After collecting himself, he removed the needle-launcher from his left and unslung the short, pistol-gripped shotgun from its holster across his back and attached it to the front of the bandolier so he could draw it more quickly. But he needed to remain undetected, or else he could kiss any chance of escape goodbye—and he had no intention of dying during this particular Adjustment—so he would need to depend largely on Sasaki’s tanto and the tranquilizers he had brought for the mission.
Jericho listened at the lavatory’s door and heard nothing, and then he tested the door’s handle and found it unlocked. He swung it open and it was thankfully quiet as it opened wide enough for him to pass through. He was in a short hallway which had a stairwell leading up to the second floor at the far end, and appeared to adjoin both a kitchen and a parlor.
He padded softly toward the parlor-side of the hall and kept his remaining needle-launcher aimed at the kitchen until verifying it was empty, after which he turned his focus toward the parlor. The first of the three guards was sitting in a chair beside a traditional fireplace, and he appeared to be reading some sort of e-zine on a data pad.
The light of the room would create no shadows, and the curtains on the windows would prevent anyone not intently looking inside from seeing him, so Jericho carefully moved behind the man before tapping him on the shoulder.
The guard looked up blankly before Jericho unleashed a crushing overhand right which easily broke the man’s nose, knocking him out cold. Jericho had only the one needle-launcher syringe remaining, and he wanted to keep it in reserve for one of the other two remaining guards inside the house. But he withdrew one of his tranquilizer syringes from the small satchel and injected the man in his left brachial vein, ensuring the drugs circulated throughout his system quickly enough to prevent him from regaining consciousness.
Jericho then proceeded to the staircase, knowing that although he was a highly-trained operative, all of it had been just a little too easy. The overlapping fields of the autocannons; the relatively open lanes of approach provided by the guards posted outside; and a less-than-alert guardsman inside the safe house itself were all major red flags which further convinced him that not everything he saw was what it appeared.
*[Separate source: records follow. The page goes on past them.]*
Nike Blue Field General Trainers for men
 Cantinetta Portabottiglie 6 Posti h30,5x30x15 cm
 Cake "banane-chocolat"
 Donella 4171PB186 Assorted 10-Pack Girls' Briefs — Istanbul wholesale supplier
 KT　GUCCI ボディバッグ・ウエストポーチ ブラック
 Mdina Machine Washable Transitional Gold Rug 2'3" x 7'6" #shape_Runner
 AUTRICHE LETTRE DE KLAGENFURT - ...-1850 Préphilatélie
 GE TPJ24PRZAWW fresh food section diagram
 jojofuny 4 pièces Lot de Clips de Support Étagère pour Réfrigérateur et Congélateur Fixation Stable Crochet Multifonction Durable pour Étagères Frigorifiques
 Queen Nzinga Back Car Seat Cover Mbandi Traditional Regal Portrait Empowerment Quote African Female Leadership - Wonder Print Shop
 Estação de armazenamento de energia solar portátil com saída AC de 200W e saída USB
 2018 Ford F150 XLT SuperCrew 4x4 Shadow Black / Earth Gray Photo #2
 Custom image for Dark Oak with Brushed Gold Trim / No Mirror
But he also knew that it was only a matter of time before the tranquilized guard outside would be discovered, and when that happened the compound would become a death trap.
So he softly padded up the stairs, the pain in his left arm growing with each passing moment. He needed to secure the target and get some answers soon, or his only option would be killing General Pemberton before getting those answers.
He had suspected the only way to enter the safe house would be after a localized electro-magnetic pulse, and that had proven correct just a few minutes earlier. Jericho had therefore left his enhanced vision gear with the cannon, and was forced to rely on his own senses rather than high-tech gear—which was how he preferred to operate anyway.
Jericho made it to the landing and saw a glimpse of movement from a nearby open door. Ducking back down into the staircase, he saw a woman emerge from the room. She was wearing all-black, loose-fitting clothing and had medium-length, blond hair. Her physique was less a soldier’s and more akin to a ballet dancer’s, and she seemed unaware of his presence as she moved down the second floor’s hallway toward the door at the far end.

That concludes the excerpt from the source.